WORK ORDER:
Retype the data that follows with no alterations, please.

SOURCE DATA:
____

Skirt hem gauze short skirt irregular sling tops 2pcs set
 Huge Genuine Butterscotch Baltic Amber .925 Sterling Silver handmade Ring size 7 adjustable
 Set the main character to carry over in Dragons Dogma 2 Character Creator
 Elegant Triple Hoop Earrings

____

OUTPUT FOR THIS EXERCISE:
Skirt hem gauze short skirt irregular sling tops 2pcs set
 Huge Genuine Butterscotch Baltic Amber .925 Sterling Silver handmade Ring size 7 adjustable
 Set the main character to carry over in Dragons Dogma 2 Character Creator
 Elegant Triple Hoop Earrings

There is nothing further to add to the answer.